I now have **21 normalised indicators** (after dropping the nine redundant ones).  Following the guidance in the handbook I will test **two transparent weighting schemes**:

| scheme | logic | compensability | why I include it |
|--------|-------|----------------|------------------|
| **Equal-by-group** | Each of the five groups gets 20 %.<br>Inside a group the share is split equally. | fully compensatory | baseline that respects the theoretical balance of sub indices |
| **PCA-variance** | Weight<sub>q</sub> ∝ Σ<sub>j</sub> λ<sub>j</sub> · loading<sub>qj</sub><sup>2</sup>. | data-driven, still linear | rewards indicators that explain more common variance |


## 6.1 Equal weights by group

The equal-indicator approach (1 ÷ 21 ≈ 0.0476) *over-weights* sub indicators with many indicators. I instead give **each group 20 %**, then divide that share by the number of indicators
inside the group:

In [9]:
import pandas as pd
import numpy as np
from pathlib import Path

ROOT   = Path("..")
PROC   = ROOT / "data" / "processed"
ART    = ROOT / "artifacts" / "weights"
ART.mkdir(parents=True, exist_ok=True)

df = pd.read_parquet(PROC / "csiai_input_normalized.parquet")
if "ticker" in df.columns:
    df = df.set_index("ticker")

GROUPS = {
    "financial_strength": ["roe","debt_to_equity","current_ratio",
                           "oper_cash_flow","ebitda_margin"],
    "growth_potential":   ["revenue_growth","operating_margin","gross_margin"],
    "market_performance": ["eps","market_cap","price_to_sales","payout_ratio"],
    "risk_volatility":    ["hist_volatility","beta","max_drawdown",
                           "stddev_returns","value_at_risk"],
    "liquidity_trading":  ["avg_volume_30d","bid_ask_spread","volume_growth",
                           "float_shares"],
}

# equal-by-group weights
w_equal = {}
for group, cols in GROUPS.items():
    share = 0.20 / len(cols)
    print(f"Group: {group}, Share: {share}")
    w_equal.update({c: share for c in cols})

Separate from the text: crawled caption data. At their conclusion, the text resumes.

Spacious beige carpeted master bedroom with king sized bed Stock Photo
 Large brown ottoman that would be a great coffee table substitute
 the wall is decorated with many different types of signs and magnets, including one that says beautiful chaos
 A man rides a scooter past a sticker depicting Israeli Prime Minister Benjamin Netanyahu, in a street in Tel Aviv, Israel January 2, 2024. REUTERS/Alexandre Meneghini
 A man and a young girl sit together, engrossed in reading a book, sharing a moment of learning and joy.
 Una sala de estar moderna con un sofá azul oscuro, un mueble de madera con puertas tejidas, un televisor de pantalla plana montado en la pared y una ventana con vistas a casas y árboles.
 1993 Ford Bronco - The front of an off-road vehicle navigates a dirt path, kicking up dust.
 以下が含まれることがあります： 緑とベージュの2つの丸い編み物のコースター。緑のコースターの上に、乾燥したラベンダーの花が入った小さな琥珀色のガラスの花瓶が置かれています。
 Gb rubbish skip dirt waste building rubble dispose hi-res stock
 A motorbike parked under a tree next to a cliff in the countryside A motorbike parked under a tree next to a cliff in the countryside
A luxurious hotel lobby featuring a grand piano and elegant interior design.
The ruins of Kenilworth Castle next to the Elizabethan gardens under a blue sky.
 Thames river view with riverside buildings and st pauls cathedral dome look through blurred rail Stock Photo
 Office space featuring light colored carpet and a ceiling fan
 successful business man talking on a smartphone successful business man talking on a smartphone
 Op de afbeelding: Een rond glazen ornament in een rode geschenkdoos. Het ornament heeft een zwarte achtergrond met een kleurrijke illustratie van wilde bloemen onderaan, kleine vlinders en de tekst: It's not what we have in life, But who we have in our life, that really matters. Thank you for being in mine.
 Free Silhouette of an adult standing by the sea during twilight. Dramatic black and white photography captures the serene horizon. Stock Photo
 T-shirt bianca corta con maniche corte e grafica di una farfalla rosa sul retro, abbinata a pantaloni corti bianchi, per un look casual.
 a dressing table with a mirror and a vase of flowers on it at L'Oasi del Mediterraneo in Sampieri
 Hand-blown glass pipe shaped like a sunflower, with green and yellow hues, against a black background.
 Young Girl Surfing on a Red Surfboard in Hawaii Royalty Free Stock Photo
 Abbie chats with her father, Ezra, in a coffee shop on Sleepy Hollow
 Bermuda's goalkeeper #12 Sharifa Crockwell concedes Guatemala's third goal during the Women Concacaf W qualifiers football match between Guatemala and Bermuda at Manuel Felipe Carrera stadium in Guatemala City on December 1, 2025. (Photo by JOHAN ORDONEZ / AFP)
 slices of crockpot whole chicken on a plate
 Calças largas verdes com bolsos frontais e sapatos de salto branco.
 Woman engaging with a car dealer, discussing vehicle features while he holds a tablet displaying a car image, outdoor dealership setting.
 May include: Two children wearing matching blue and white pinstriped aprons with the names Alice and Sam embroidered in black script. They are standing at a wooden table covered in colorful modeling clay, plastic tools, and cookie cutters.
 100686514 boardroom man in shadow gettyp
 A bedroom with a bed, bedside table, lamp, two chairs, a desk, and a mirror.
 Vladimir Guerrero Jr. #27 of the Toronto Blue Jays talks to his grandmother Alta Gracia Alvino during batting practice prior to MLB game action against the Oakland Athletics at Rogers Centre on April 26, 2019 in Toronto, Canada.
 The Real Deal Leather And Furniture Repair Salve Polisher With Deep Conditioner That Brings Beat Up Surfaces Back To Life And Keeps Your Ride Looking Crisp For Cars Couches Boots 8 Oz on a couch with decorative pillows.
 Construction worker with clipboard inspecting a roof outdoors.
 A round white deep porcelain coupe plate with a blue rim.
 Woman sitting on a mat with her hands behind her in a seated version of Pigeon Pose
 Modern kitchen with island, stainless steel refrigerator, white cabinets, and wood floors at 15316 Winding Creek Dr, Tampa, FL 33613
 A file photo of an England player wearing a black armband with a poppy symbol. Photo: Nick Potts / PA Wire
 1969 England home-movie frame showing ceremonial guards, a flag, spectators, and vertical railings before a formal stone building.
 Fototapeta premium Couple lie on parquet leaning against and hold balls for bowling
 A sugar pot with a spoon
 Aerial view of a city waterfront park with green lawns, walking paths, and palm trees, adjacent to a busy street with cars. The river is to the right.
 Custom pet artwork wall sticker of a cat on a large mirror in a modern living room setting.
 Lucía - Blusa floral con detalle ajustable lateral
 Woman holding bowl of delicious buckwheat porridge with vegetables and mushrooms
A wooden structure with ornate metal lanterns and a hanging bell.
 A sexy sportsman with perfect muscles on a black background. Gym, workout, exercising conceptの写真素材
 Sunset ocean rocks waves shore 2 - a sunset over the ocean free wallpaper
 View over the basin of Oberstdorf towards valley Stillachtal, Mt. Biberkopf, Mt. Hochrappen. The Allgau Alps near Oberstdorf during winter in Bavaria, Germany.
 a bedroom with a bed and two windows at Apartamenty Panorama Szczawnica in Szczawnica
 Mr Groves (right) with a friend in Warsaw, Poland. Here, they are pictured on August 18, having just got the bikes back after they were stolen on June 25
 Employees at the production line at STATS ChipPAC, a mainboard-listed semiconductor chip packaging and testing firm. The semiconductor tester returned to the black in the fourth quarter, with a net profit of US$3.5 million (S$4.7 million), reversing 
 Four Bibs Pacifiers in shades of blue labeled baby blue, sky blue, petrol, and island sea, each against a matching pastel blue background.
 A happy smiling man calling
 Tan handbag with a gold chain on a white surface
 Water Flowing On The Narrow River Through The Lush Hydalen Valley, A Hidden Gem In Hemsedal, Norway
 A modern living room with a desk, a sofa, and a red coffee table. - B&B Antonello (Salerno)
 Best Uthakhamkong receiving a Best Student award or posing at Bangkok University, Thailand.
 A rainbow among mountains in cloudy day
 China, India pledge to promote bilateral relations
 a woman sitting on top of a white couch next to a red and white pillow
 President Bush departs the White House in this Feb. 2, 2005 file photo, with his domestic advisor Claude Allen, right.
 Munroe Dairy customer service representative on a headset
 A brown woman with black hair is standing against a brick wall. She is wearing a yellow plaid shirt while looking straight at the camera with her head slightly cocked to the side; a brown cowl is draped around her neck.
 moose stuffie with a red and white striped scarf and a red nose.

w_equal = pd.Series(w_equal, name="w_equal_group")
w_equal.to_csv(ART / "weights_equal_group.csv")

Group: financial_strength, Share: 0.04
Group: growth_potential, Share: 0.06666666666666667
Group: market_performance, Share: 0.05
Group: risk_volatility, Share: 0.04
Group: liquidity_trading, Share: 0.05


### 6.2 PCA-variance weights

For every group I ran a PCA in the multivariate notebook and compute each indicator’s importance as the **variance it contributes** across the retained components:

- **Financial Strength, Growth Potential, Market Performance, Liquidity & Trading**  
  These sub-indices have their variance spread fairly evenly across multiple components (PC1 ≈ 25–35 %, PC2 ≈ 20–30 %, PC3 ≈ 15–30 %, and more).  To capture their full multi-dimensional structure, i weight each variable by  
  \[
    w_q \;=\;\sum_{j=1}^k \lambda_j \, L_{qj}^2
  \]  
  where \(L_{qj}\) is the loading of variable \(q\) on PC \(j\), and \(\lambda_j\) is the variance explained by PC \(j\).  I then normalize so each group’s weights sum to 0.20.

- **Risk & Volatility**  
  Here PC 1 alone explains a dominant share (~63 %) of the total variance; the remaining PCs each contribute < 20 %.  In this case using **only the first component** is both simpler and nearly lossless, so we set  
  \[
    w_q \;=\; L_{q,\text{PC1}}^2
  \]  
  and normalize those squared PC 1 loadings to sum to 0.20.

In [10]:
from sklearn.preprocessing import MinMaxScaler
from scipy.stats import gmean

PCA_DIR = ROOT / "artifacts" / "pca"

def pca_weights(group: str, share: float = 0.20) -> pd.Series:
    L = pd.read_csv(PCA_DIR / f"{group}_loadings.csv", index_col=0)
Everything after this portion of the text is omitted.